Этот сборник был предметом зависти мальчика.
Оба друга вели ежедневную переписку. Им нравилась повседневность этого занятия. Почти каждое утро мальчику доставляли письмо от Р. в изящном конверте абрикосового цвета. Каким бы толстым ни казался конверт, вес его всегда был одним и тем же, и эта странная, какая-то грузная легкость, это ощущение весомости, созданной множеством невесомых вещей, радовали мальчика.
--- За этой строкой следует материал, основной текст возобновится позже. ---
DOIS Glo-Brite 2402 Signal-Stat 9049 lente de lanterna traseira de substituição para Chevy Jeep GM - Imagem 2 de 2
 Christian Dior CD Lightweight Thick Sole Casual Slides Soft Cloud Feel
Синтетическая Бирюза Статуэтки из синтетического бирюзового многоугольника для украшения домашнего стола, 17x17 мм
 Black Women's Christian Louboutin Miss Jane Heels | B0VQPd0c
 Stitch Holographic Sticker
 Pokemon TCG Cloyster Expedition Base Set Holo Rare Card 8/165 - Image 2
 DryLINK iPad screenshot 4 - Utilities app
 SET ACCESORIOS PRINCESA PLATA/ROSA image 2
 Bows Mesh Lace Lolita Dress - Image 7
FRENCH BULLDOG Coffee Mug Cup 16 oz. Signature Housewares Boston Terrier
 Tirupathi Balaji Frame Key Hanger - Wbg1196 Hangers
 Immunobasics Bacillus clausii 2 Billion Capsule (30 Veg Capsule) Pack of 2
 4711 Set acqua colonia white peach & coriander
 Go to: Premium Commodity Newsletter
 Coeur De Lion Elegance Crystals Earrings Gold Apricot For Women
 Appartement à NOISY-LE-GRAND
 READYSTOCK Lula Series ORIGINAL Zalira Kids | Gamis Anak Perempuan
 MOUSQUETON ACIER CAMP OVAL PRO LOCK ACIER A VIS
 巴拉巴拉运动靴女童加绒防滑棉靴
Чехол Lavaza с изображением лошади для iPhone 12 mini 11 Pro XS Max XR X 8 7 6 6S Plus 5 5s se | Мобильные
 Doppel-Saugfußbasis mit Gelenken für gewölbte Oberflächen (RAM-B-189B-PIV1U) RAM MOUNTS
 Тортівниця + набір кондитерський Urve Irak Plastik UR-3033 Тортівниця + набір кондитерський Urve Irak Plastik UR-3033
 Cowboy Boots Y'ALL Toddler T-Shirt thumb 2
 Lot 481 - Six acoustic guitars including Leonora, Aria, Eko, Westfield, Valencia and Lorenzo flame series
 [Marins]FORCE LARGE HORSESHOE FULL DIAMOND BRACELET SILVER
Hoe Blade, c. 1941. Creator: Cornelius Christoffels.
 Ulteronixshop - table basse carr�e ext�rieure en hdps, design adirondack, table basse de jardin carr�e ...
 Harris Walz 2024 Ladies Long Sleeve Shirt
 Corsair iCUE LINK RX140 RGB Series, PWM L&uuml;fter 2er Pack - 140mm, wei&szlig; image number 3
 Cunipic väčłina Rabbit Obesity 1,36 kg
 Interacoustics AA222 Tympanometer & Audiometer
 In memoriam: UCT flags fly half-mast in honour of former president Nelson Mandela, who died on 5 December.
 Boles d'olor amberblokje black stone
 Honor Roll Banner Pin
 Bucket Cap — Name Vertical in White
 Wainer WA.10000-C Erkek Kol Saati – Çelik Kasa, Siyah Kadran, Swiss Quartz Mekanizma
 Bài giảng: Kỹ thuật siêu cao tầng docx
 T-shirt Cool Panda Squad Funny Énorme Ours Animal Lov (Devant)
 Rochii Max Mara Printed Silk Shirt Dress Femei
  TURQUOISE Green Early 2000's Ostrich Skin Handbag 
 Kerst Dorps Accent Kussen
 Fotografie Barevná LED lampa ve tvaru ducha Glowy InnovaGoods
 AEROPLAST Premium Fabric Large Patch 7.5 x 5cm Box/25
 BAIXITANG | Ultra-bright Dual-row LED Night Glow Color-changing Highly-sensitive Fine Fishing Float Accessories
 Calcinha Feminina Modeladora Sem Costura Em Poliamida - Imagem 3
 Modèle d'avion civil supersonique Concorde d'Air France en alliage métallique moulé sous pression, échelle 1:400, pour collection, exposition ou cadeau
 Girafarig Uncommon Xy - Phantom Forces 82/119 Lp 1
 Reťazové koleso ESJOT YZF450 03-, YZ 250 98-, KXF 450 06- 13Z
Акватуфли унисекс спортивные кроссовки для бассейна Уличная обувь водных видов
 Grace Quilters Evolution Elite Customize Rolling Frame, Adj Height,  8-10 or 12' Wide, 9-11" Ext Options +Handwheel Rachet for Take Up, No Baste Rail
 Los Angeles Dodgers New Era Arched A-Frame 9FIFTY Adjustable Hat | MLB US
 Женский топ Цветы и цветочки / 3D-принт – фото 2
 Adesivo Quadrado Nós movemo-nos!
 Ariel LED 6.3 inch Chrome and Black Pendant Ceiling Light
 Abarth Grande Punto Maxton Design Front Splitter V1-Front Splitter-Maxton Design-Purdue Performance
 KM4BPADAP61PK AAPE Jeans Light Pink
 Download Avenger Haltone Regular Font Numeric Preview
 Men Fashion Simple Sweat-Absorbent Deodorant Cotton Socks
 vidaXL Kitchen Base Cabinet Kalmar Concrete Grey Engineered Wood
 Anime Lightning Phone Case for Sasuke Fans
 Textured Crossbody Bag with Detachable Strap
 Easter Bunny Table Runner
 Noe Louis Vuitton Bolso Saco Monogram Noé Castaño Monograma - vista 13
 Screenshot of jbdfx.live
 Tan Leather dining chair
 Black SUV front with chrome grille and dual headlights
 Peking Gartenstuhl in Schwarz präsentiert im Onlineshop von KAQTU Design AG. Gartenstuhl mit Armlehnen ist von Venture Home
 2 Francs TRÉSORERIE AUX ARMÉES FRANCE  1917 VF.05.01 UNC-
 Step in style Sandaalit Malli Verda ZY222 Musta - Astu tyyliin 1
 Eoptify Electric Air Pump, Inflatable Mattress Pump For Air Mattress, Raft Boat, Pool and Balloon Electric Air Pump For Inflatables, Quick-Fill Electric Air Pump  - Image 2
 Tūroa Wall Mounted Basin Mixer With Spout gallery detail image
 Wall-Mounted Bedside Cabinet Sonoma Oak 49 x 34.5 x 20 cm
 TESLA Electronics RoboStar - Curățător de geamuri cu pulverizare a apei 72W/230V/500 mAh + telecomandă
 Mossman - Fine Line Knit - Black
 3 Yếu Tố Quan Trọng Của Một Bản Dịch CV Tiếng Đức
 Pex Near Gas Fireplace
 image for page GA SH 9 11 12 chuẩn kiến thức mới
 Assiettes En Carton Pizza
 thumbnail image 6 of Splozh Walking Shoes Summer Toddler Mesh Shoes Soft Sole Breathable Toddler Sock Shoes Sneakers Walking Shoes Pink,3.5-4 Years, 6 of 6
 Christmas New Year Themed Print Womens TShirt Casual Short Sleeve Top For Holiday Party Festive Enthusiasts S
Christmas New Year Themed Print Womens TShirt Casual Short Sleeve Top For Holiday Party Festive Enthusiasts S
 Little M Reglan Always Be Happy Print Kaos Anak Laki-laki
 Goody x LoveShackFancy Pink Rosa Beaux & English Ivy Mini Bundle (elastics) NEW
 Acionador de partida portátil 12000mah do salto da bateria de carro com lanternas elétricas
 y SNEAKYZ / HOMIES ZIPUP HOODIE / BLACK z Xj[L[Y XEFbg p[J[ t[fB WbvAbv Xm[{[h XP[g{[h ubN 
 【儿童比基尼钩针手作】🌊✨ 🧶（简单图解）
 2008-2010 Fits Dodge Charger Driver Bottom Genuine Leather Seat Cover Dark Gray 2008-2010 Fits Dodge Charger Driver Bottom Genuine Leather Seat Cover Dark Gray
К своим посланиям друзья неизменно приписывали только что сочиненное стихотворение, а если не успевали сочинить ничего нового, то в ход шло написанное ранее.
Послания были довольно-таки банальными. Обычно они начинались с критики полученного накануне стихотворения, далее шла бесконечная и ничего не значащая болтовня о прослушанной музыке, о каких-то житейских эпизодах и о симпатичных, по мнению автора письма, девушках; затем в деталях описывались прочитанные книги, поэтические переживания когда одно-единственное слово вдруг ввергает тебя в мир поэзии и ночные сны. Этот установившийся между двадцатилетним юношей и пятнадцатилетним мальчиком ритуал нисколько им не наскучивал.
Однако в письмах Р. чувствовалось нечто, чего мальчик никогда не замечал в своих письмах: какая-то едва уловимая меланхолия и тень легкой неуверенности сквозили в них. Это была та самая неуверенность, которую человек испытывает перед лицом вдруг подступившей реальности. Сомнения и опасения Р. придавали его письмам оттенок горечи и отрешенности. Но счастливый своим счастьем мальчик считал, что тень чужой неуверенности никогда не падет на него.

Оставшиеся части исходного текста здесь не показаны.